Hatinya yang sedang kesal itu tidak sabar lagi mendengar kerewelan si pelayan.
Pelayan itu
pergi dengan tubuh membungkuk-bungkuk, dan Ci Kang mendengar pelayan itu
berbisik-bisik dengan teman-temannya dalam bahasa sandi yang mengejutkan
hatinya. Bahasa rahasia seperti itu hanya dipergunakan oleh orang-orang dari
golongan hitam! Dan pelayan itu berkata kepada teman-temannya agar berhati-hati
karena tamu yang datang ini tentulah seorang pendekar.
Ci Kang
melirik sambil lalu dan dia dapat melihat bahwa pelayan itu berbisik-bisik
dengan teman-temannya. Jumlah mereka semua ada enam orang! Heran dan curigalah
hatinya. Sebuah kedai arak begini besar di dalam sebuah dusun miskin kecil! Dan
dibukanya tentu masih baru pula.

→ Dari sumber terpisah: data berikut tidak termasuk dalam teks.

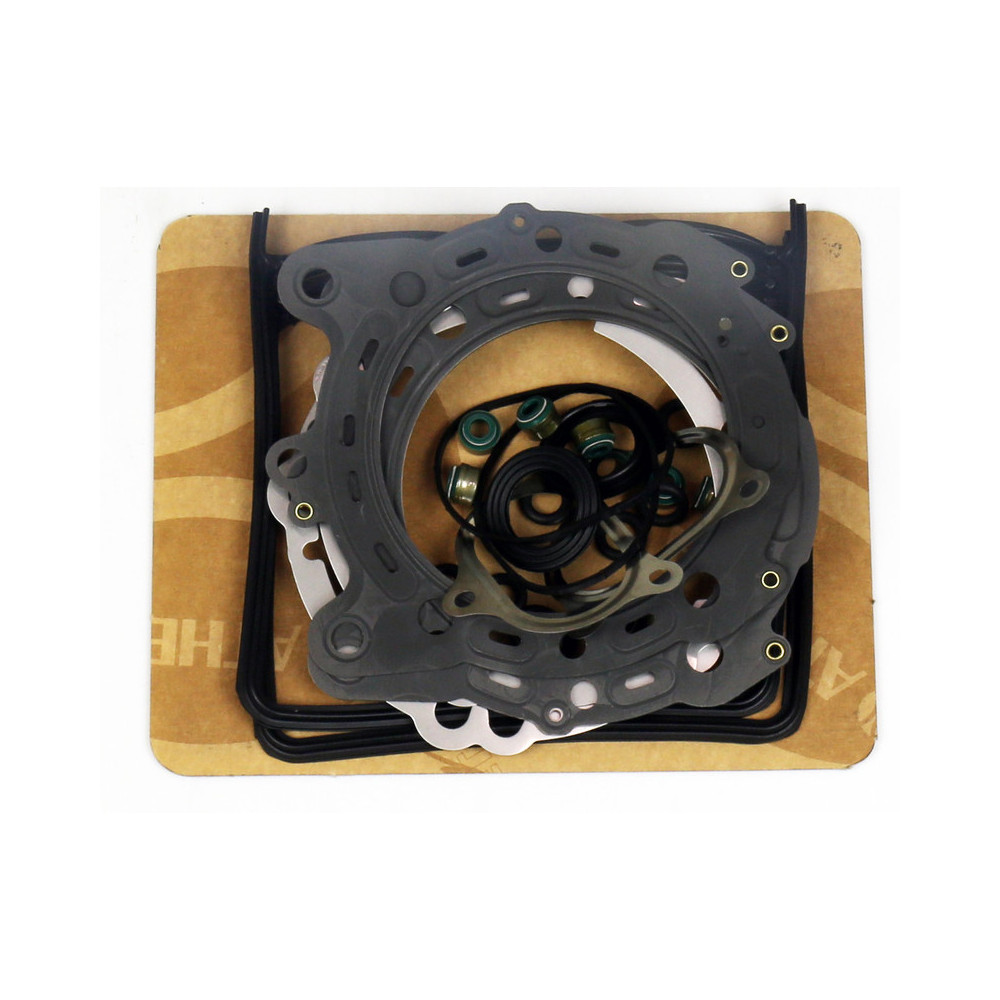 Kit joints haut-moteur ATHENA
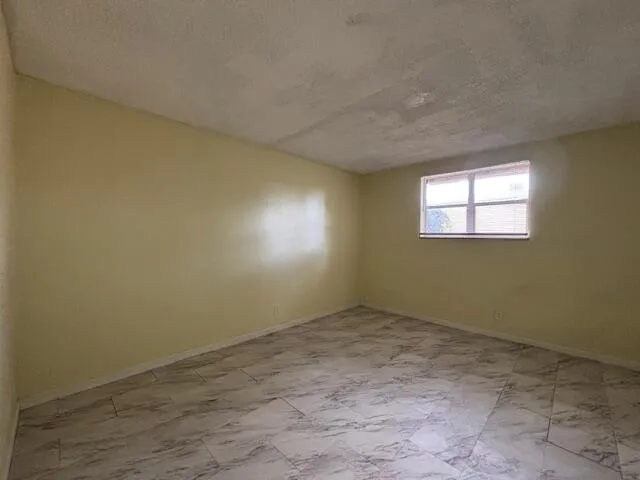 5844 Blueberry Unit 68 Court Lauderhill, FL 33313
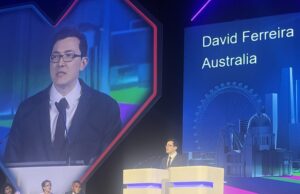 ESC 2024: New evidence suggests fasting not needed before cardiac catheterisation procedures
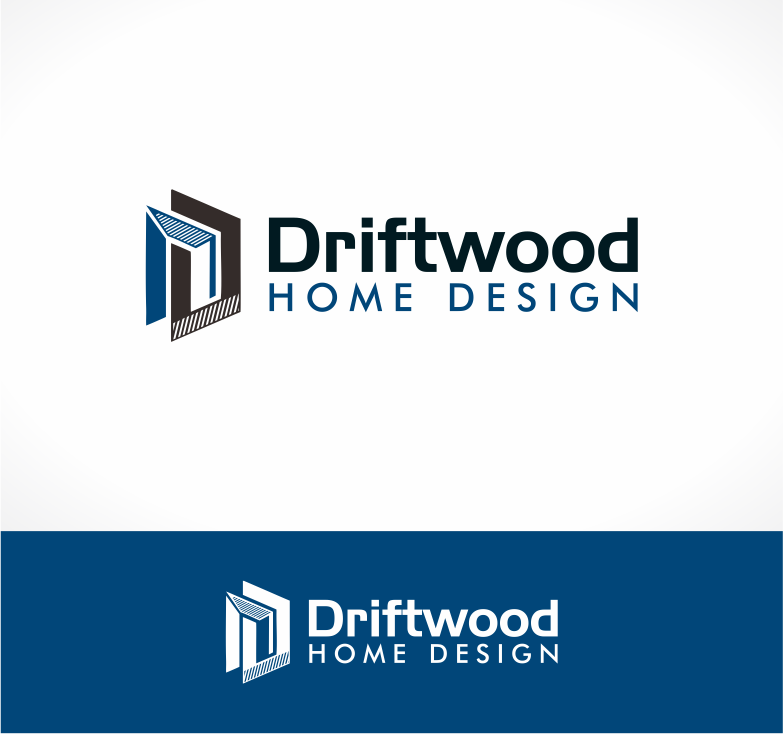 Design de Logo par briinvent pour Toro Real Estate Group | Design #25372321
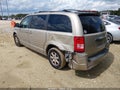 2009 Chrysler Town & Country — photo 3 of 12 | VIN 2A8HR541X9R592155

Lebih lagi, dilayani oleh enam orang! Dan tadi
mereka menggunakan kata-kata sandi, bahasa rahasia dari golongan hitam.
Ci Kang
duduk dengan wajah muram. Kenyataan bahwa dia duduk di warung golongan hitam
membuat hatinya makin kesal. Keadaan dirinya membuat dia merasa mendongkol dan
juga murung dan sedih.
Dia
dilahirkan di tengah keluarga sesat, sungguh pun mendiang ayahnya dahulu
bukanlah orang jahat. Dia dibesarkan di antara para datuk sesat. Dia tidak
menyukai cara hidup demikian sehingga dia menentang ayahnya sendiri, malah
hampir dibunuh ayahnya akibat tidak menuruti kehendak ayahnya.
Dia tak
dapat hidup dan dimusuhi di dunia golongan kotor. Kemudian, setelah digembleng
selama tiga tahun oleh Ciu-sian Lo-kai dan dia mulai kehidupan baru, di antara
golongan bersih, dia pun dihina dan diserang, tidak diterima! Hati siapa takkan
merasa murung?
Pada saat
itu muncul tiga orang berpakaian seperti orang dusun. Tubuh mereka bertiga
kurus-kurus dan melihat pakaian mereka yang kotor, mudahlah diketahui bahwa
mereka adalah orang-orang miskin yang kekurangan makan kekurangan pakaian.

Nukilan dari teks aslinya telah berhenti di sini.